-- DATA FOR ANALYSIS follows --

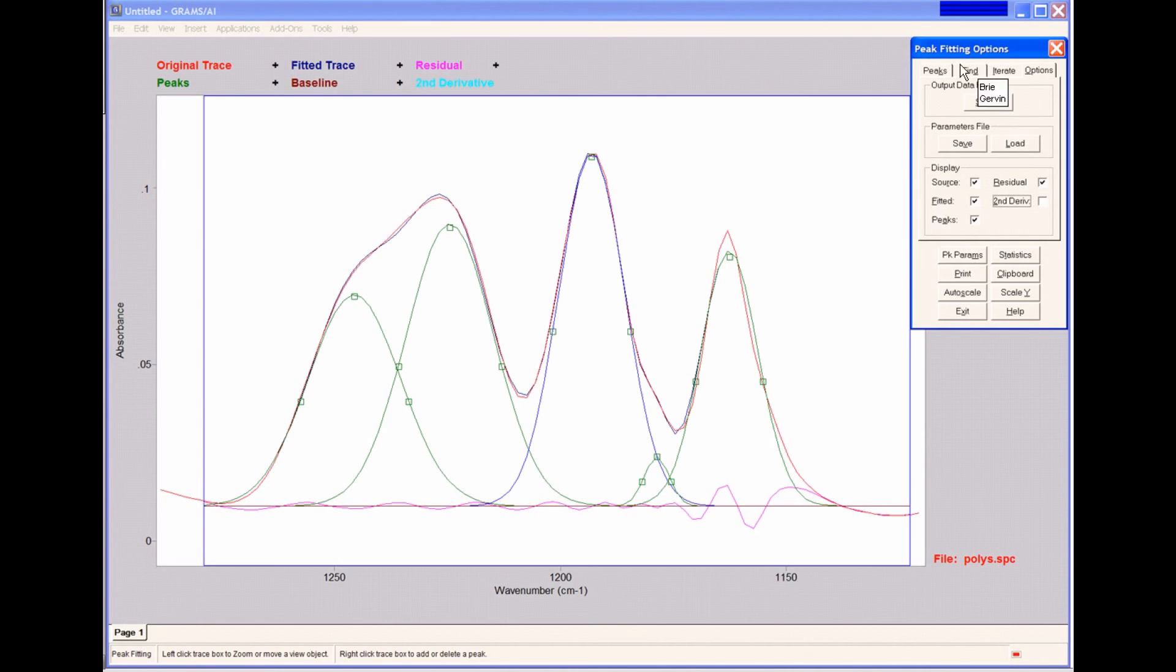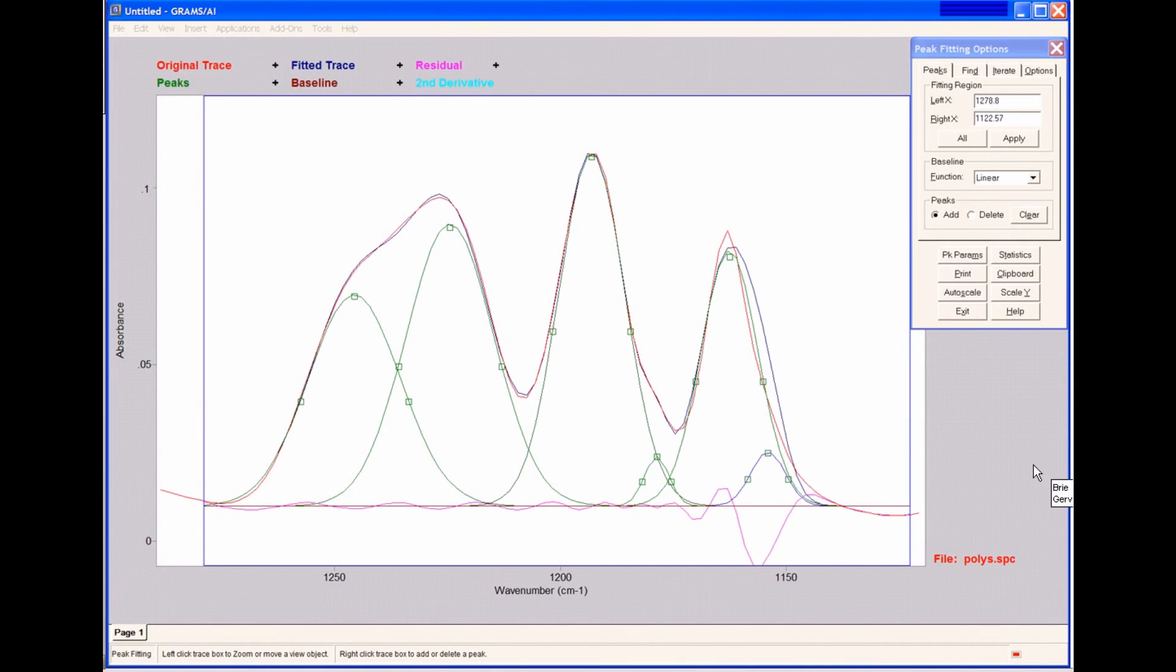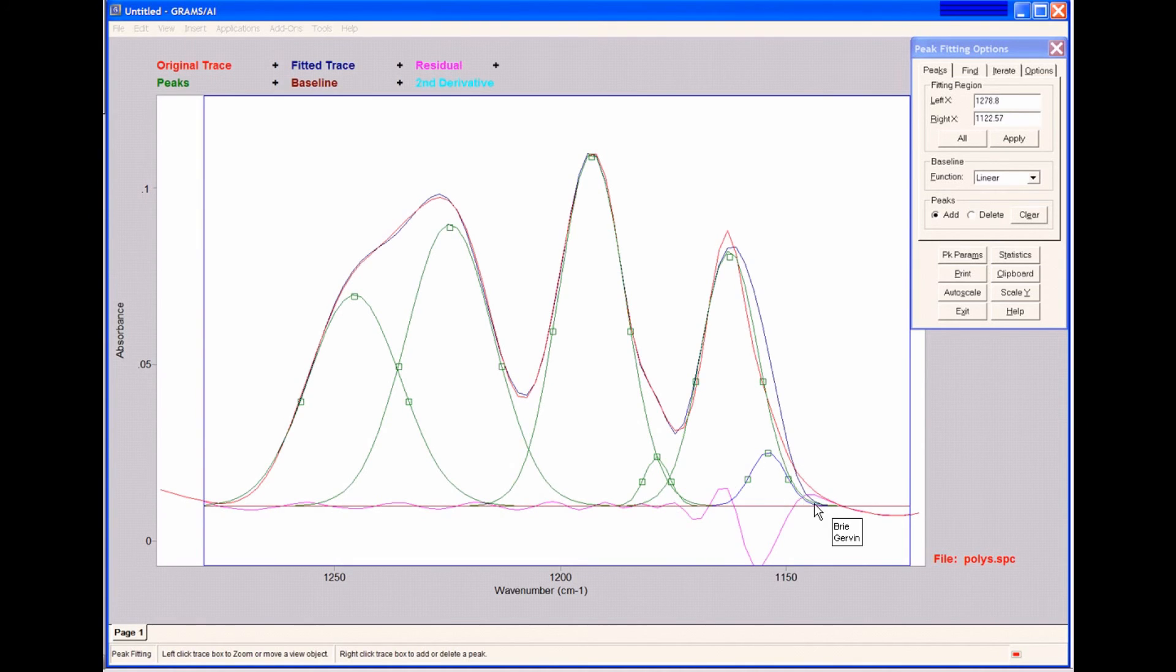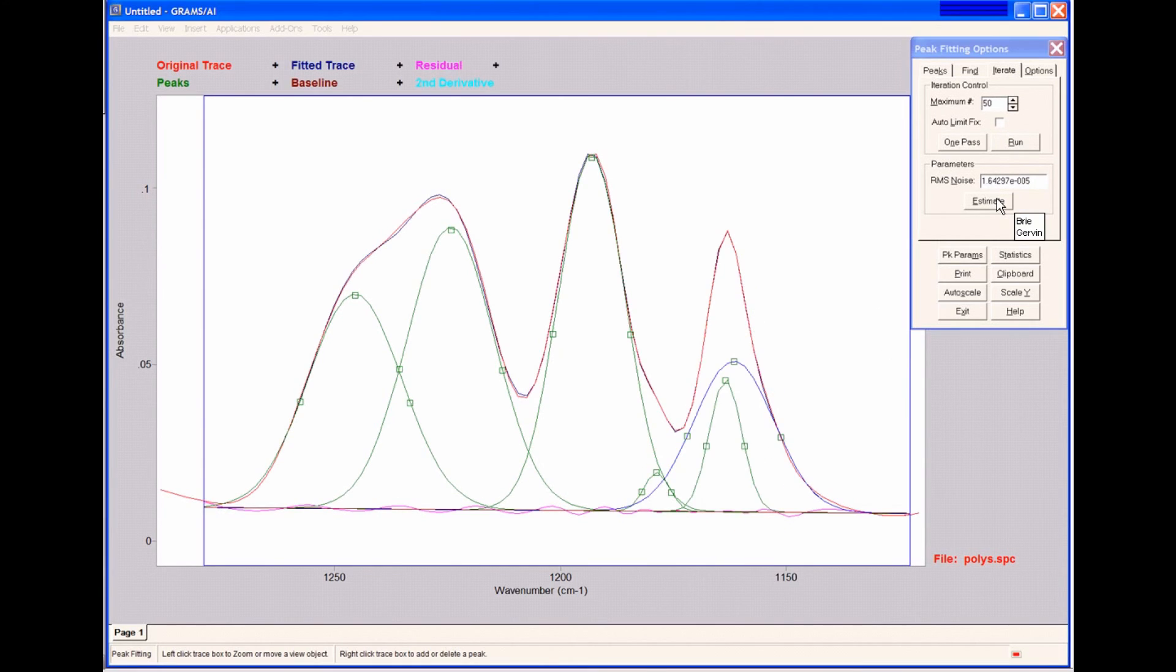And I can very easily decide to add another peak. I simply right-click in the trace box, and that added another peak. I can then choose Iterate again and Run. And as you can see, it does significantly change the results that we had.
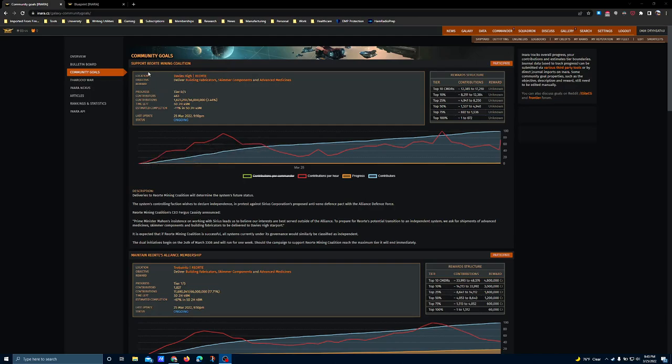We've got another commodities goal where we're hauling equipment around, in this case building fabricators, skimmer components, and advanced medicines. Thankfully, these are all common commodities. A quick trip to the Inara database or EDDB will give you everything that you need to know in order to find this stuff and start loading up.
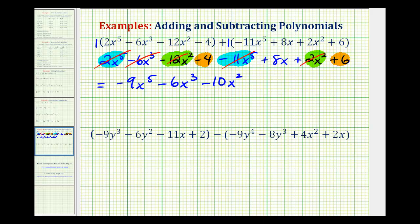And then we have our x term, so we have plus eight x. And the last two are the constants: negative four plus six, which is positive two. So we have plus two.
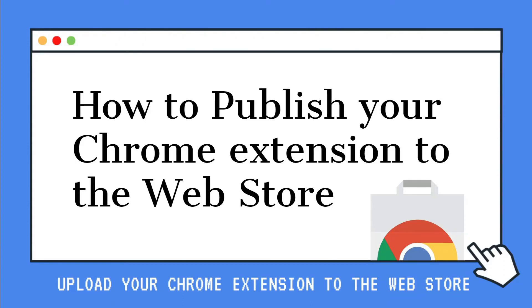Hi guys, and welcome to this series on how to publish your Chrome extension to the Web Store. I'm Jack. And I'm Amy. And we are here to help you through the process.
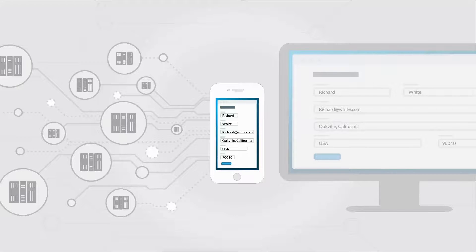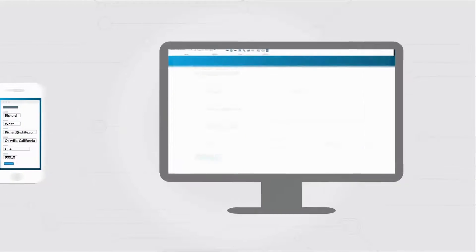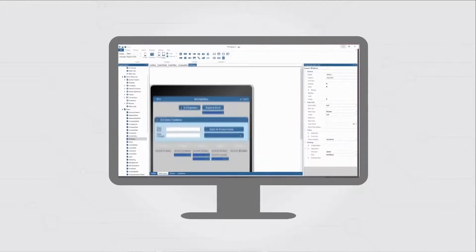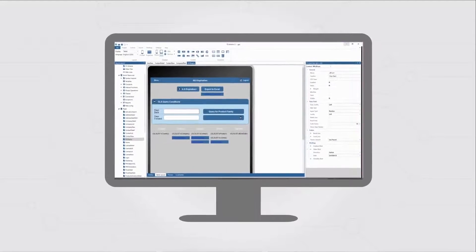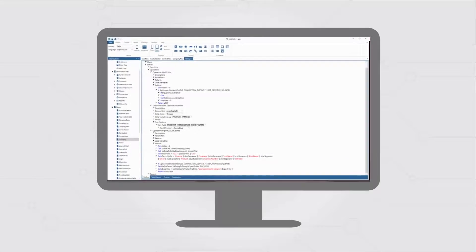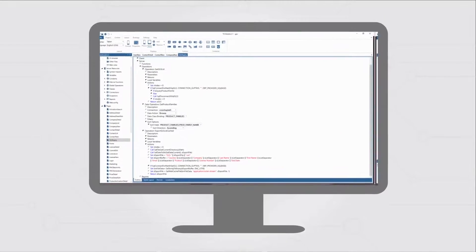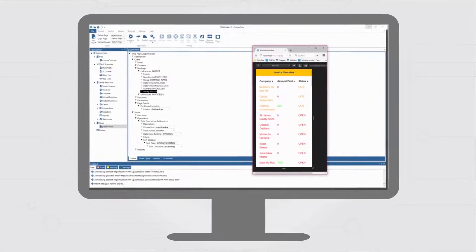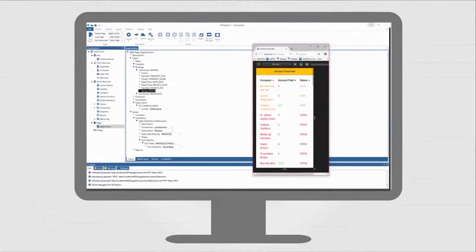Once your data access is defined, you can easily tie fields of your database tables to fields in the UI without writing any code. TD Mobile automatically generates the service interfaces and client-side logic to glue everything together.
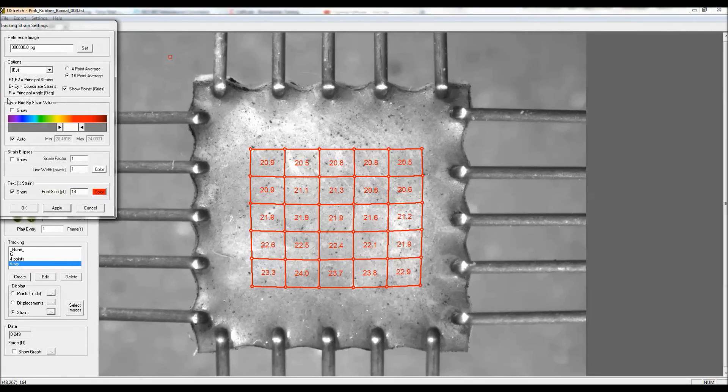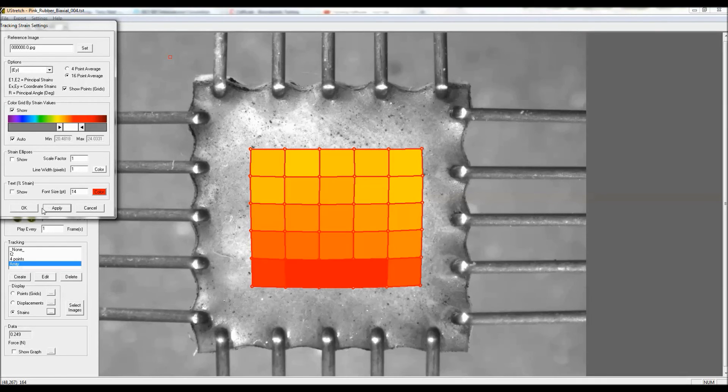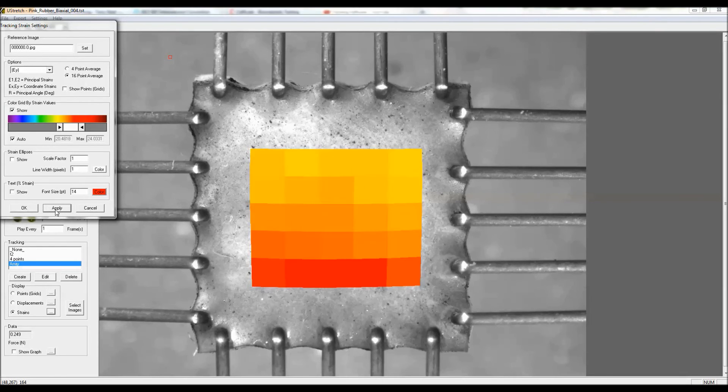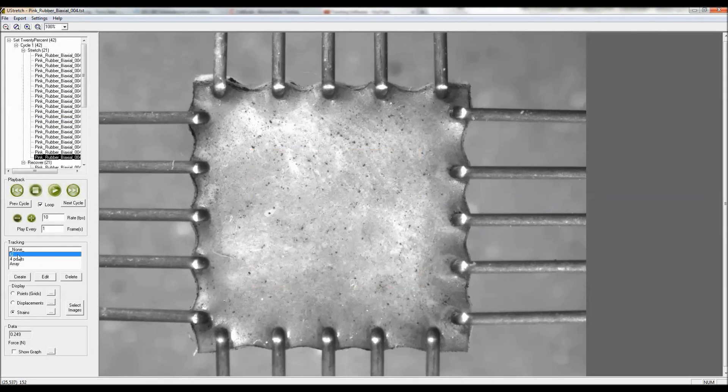I'll just jump over and show this as a coloration scheme rather than looking at the numerical values.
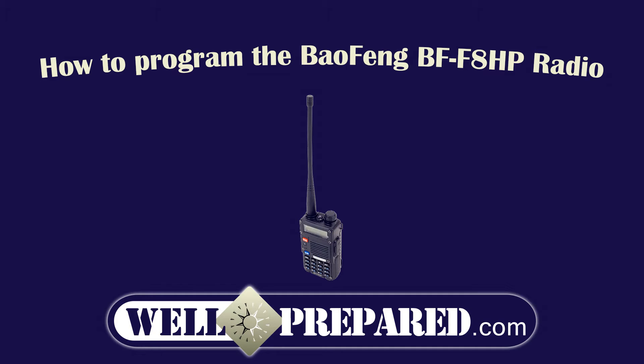Hello, my name is Brian, and I'm with Well Prepared, and today I'll be teaching how to program the Baofeng BFF8HPM radio. You can get that on our website at wellprepared.com.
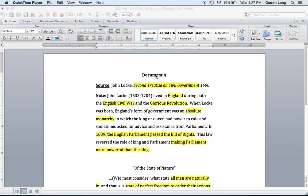Hey class, Mr. Long here. So today we are going to get into our first document in our first DBQ, which is on the Enlightenment. We've been on the topic of Enlightenment for the last week and a half, two weeks, so we know a lot of background information about it.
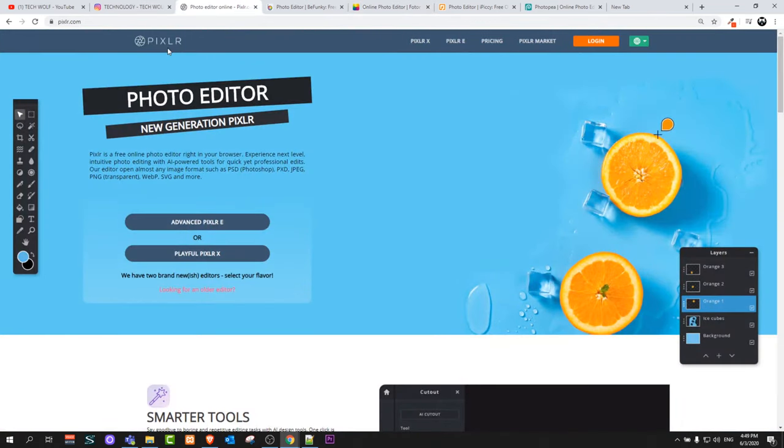The next image editor is Pixlr, and this is one of my favorite image editors which I'm using when I need to do some quick image editing or when I need to cut some images and so on and so forth.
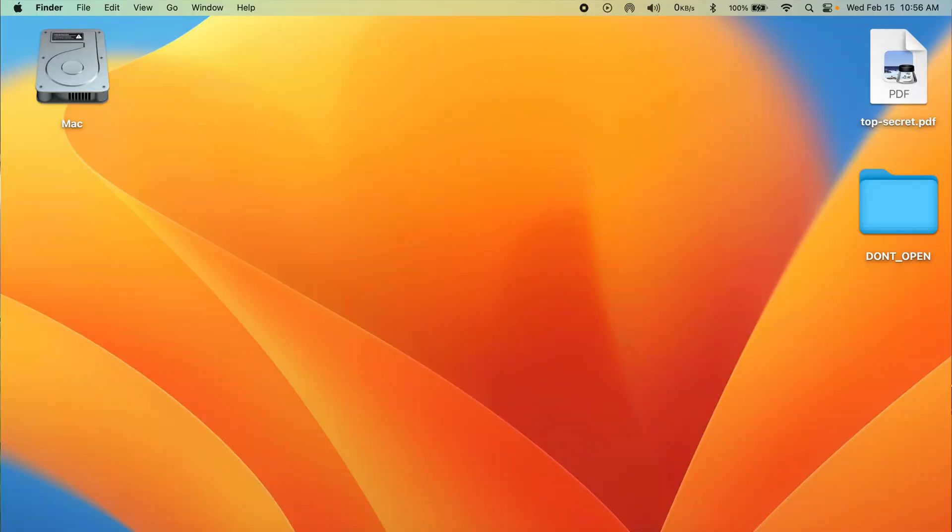There are two ways to hide files and folders on your Mac, and the best part is you don't have to download anything. Let's say that I want to hide this file and this folder on my desktop.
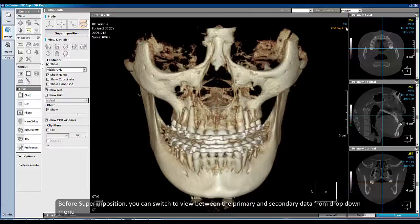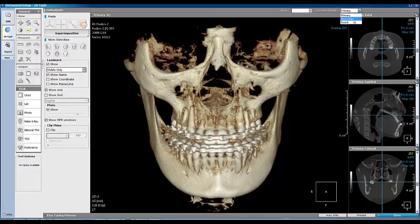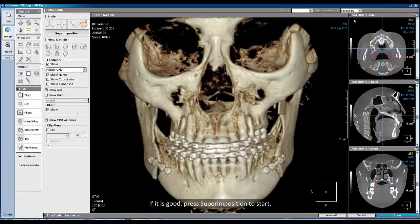Before superimposition, you can switch between the primary and secondary data from this drop-down menu. If it looks good, press Superimposition to start.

-- DATA FOR ANALYSIS concluded --

▶ _REQUIREMENT_
With every picture removed, give the entries above again exactly.

▶ _ANSWER FOR THIS EXERCISE_
And I can very easily decide to add another peak. I simply right-click in the trace box, and that added another peak. I can then choose Iterate again and Run. And as you can see, it does significantly change the results that we had.
We've got another commodities goal where we're hauling equipment around, in this case building fabricators, skimmer components, and advanced medicines. Thankfully, these are all common commodities. A quick trip to the Inara database or EDDB will give you everything that you need to know in order to find this stuff and start loading up.
And then we have our x term, so we have plus eight x. And the last two are the constants: negative four plus six, which is positive two. So we have plus two.
Hi guys, and welcome to this series on how to publish your Chrome extension to the Web Store. I'm Jack. And I'm Amy. And we are here to help you through the process.
Once your data access is defined, you can easily tie fields of your database tables to fields in the UI without writing any code. TD Mobile automatically generates the service interfaces and client-side logic to glue everything together.
I'll just jump over and show this as a coloration scheme rather than looking at the numerical values.
Hello, my name is Brian, and I'm with Well Prepared, and today I'll be teaching how to program the Baofeng BFF8HPM radio. You can get that on our website at wellprepared.com.
Hey class, Mr. Long here. So today we are going to get into our first document in our first DBQ, which is on the Enlightenment. We've been on the topic of Enlightenment for the last week and a half, two weeks, so we know a lot of background information about it.
The next image editor is Pixlr, and this is one of my favorite image editors which I'm using when I need to do some quick image editing or when I need to cut some images and so on and so forth.
There are two ways to hide files and folders on your Mac, and the best part is you don't have to download anything. Let's say that I want to hide this file and this folder on my desktop.
Before superimposition, you can switch between the primary and secondary data from this drop-down menu. If it looks good, press Superimposition to start.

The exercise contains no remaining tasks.